- **Task brief**:
For the listing below, the answer is an exact retyping of the lines from the one with "MageGee TS91 61" through the one with "Resideo Braukmann (ehemalig", both included, without pictures.

- **Study material**:

•••

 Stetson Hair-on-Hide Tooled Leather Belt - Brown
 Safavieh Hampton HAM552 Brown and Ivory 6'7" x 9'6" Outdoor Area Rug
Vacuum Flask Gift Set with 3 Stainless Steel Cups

•••

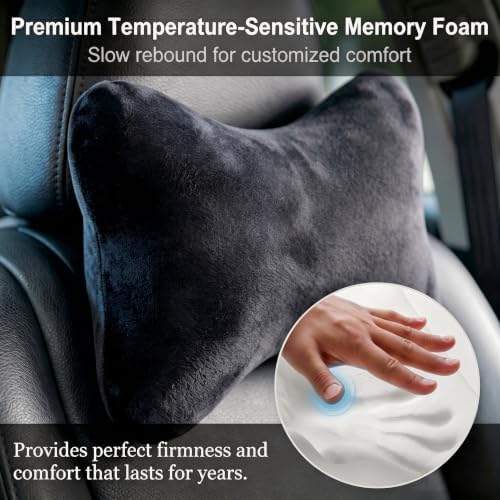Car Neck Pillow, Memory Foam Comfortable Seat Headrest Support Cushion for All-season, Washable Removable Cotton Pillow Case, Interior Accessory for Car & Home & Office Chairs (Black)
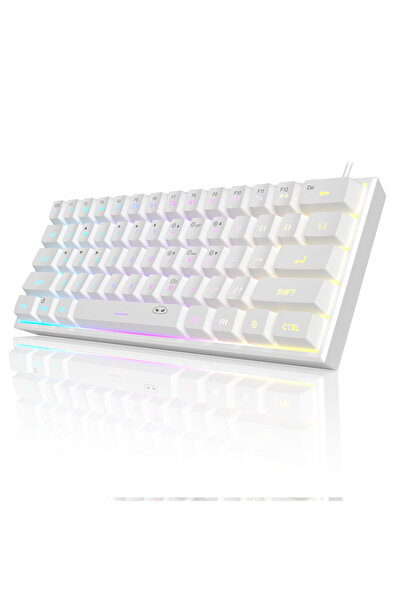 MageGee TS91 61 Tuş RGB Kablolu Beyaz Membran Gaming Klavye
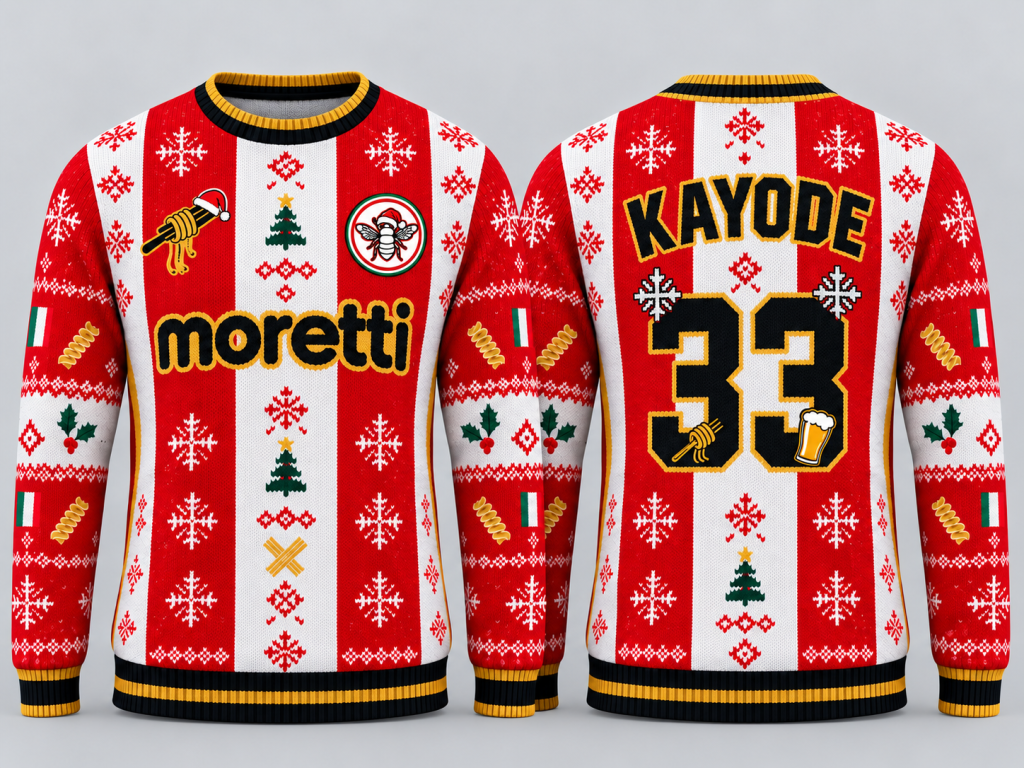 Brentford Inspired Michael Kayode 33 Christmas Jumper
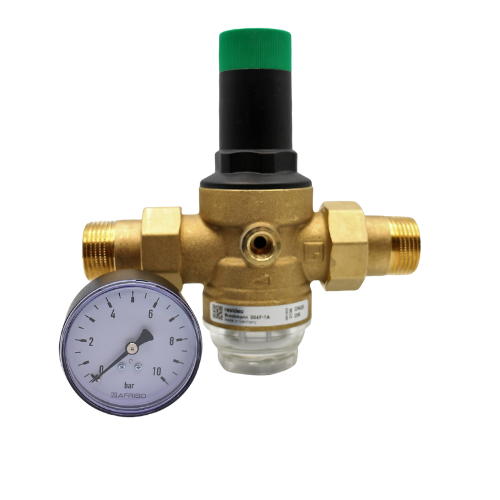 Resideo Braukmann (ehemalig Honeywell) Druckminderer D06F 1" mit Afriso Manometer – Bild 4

•••

- **Task answer**:
 MageGee TS91 61 Tuş RGB Kablolu Beyaz Membran Gaming Klavye
 Brentford Inspired Michael Kayode 33 Christmas Jumper
 Resideo Braukmann (ehemalig Honeywell) Druckminderer D06F 1" mit Afriso Manometer – Bild 4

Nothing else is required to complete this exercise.